Seminur - 2015 - Ein Blick in eine ungewisse Zukunft für das kranke Mädchen |
„Was passiert eigentlich mit Deinen Fotos?“, fragte mich mal
meine Tochter Nina. Meine Antwort: “Einige stelle ich ins Netz, die meisten schlummern
im Computer.“ Eigentlich schade. Da ist ja auch das Problem mit der
Datenschutzgrundverordnung. Und der Bildüberflutung. 8 Milliarden Fotos sollen
es sein, die täglich durch die Welt geschossen werden. Jeder hat seine Kamera
dabei. Ein Foto im Display eines Smartphones ist eigentlich eine Schande. Das
Display ist viel zu klein. Ein Foto, so habe einmal gelesen, ist gut, wenn der Betrachter
zwei (!) Sekunden darauf schaut.
Ich liebe Fotoausstellung, wie letztens in Düsseldorf von Peter
Lindberg oder die von meinem absoluten Lieblingsfotografen James Nachtwey.
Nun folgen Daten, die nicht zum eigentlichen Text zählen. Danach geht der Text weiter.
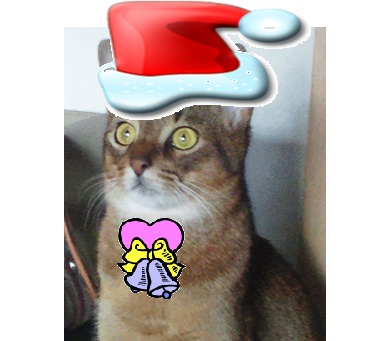 2012クリスマス2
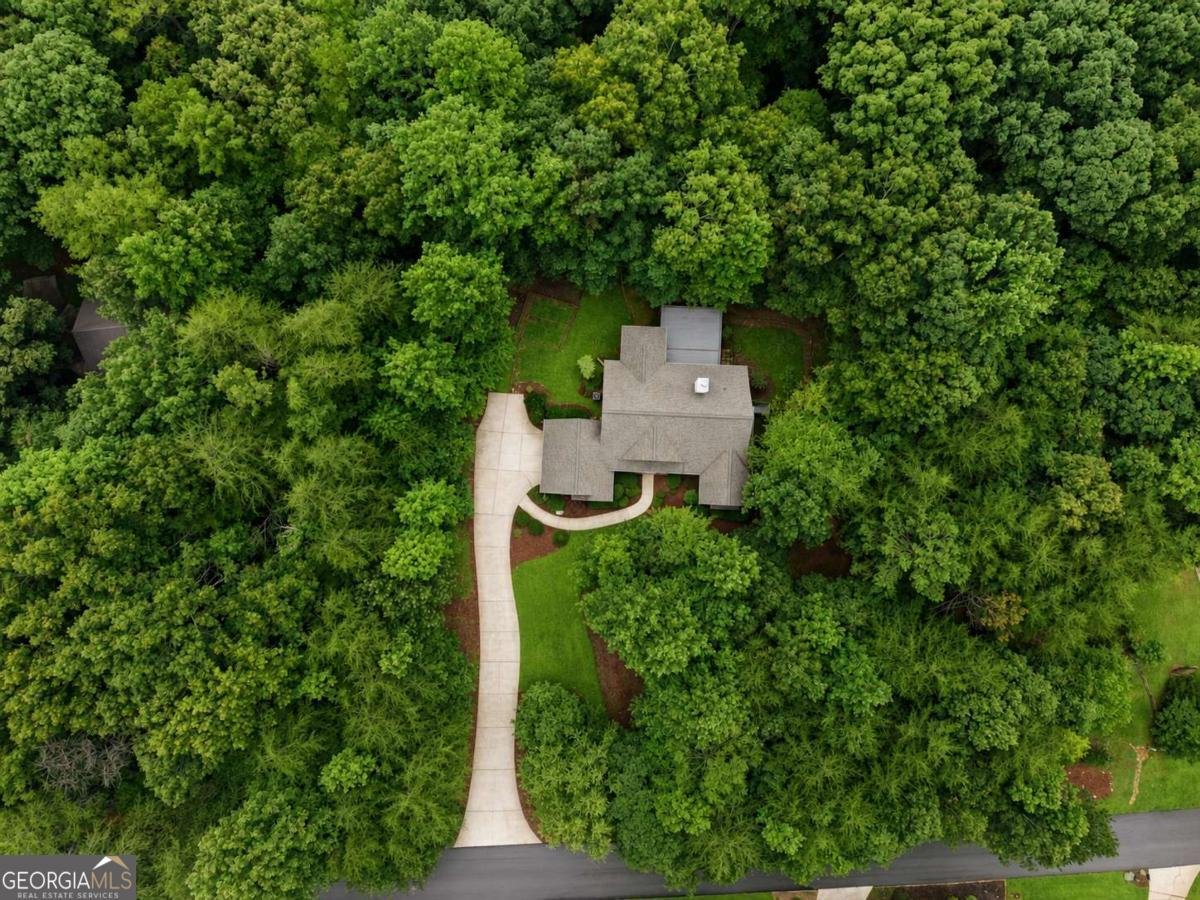 128 Fern Park Drive Dawsonville - Photo 49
Schaut euch mal
den prämierten Film „WAR PHOTOGRAPHER“ an. https://www.youtube.com/watch?v=doV8xokcTuo
Ich fotografiere gerne Menschen. „I shoot people“, so hieß
ein Projekt, dass ich zufällig in einer Galerie in New York entdeckte. Da muss
man als Fotograf nämlich mit dem Menschen kommunizieren. Nicht einfach knipsen und
fertig.
Im Ronald McDonald Haus, dem Zuhause aus Zeit für Eltern schwer
kranker Kinder, habe ich in knapp 15 Jahren unzählige Kinder fotografiert. Die
Fotografie war eine Brücke zu
den Kleinen und auch zu den Eltern, wenn sie anfangs noch
ein bisschen schüchtern und zurückhaltend waren. Die Mädchen nahmen ihre
Kopftücher ab und zeigten mir stolz ihre kahlen Köpfe, wie Alison, Hannah und
Sara. Etliche Bilder schlummern digital auf den Festplatten. Einige habe ich in
eine geschlossene Gruppe für die Eltern gepostet.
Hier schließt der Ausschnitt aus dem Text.